For image segmentation problems, I usually train with Jaccard loss instead of pixel-wise cross entropy as the former directly optimizes the evaluation metric (IoU). The Jaccard loss is defiend as below:

def jaccard_loss(x, y, ignore_index, num_classes):
p = F.softmax(x, dim=1)
m = y != ignore_index
t = F.one_hot((y * m).long(), num_classes=num_classes).byte().permute(0, 3, 1, 2)
i = (p * (t * m.unsqueeze(1)).float()).sum((0,2,3))

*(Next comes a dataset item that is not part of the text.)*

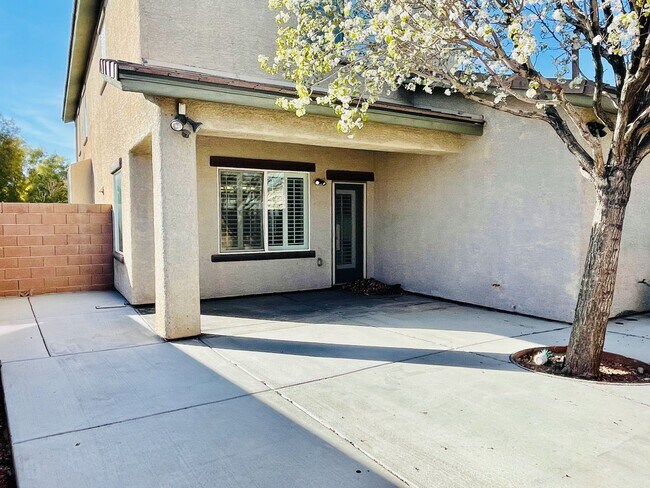 Building Photo - Coming Soon: 3 Bd, 3 Bth, Entertainer's Ki...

u = ((p + t.float()) * m.unsqueeze(1).float()).sum((0,2,3)) - i
v = u.nonzero()
return 1 - (i[v] / u[v]).mean()

I trained a ResNet18-UNet with this loss and the result is better than using cross entropy. Here comes the strange part. When I switch to ResNet34-UNet, the training loss and the validation loss are both lower than the ones of ResNet18-UNet, which is expected. However, the corresponding IoU is significantly lower. This doesn’t make any sense because a low loss should correspond to a higher IoU. I’m pretty sure the evaluation script is correct because it is from the evaluation server. The loss code should be good too because it works pretty well for ResNet18-UNet. Another thing may or may not relate to this strange behavior is that when I trained ResNet18-UNet I could use a learning rate of 2e-3 but I can only use a learning rate of 8e-5 for ResNet34-UNet. Does anyone have some explanation for this strange behavior?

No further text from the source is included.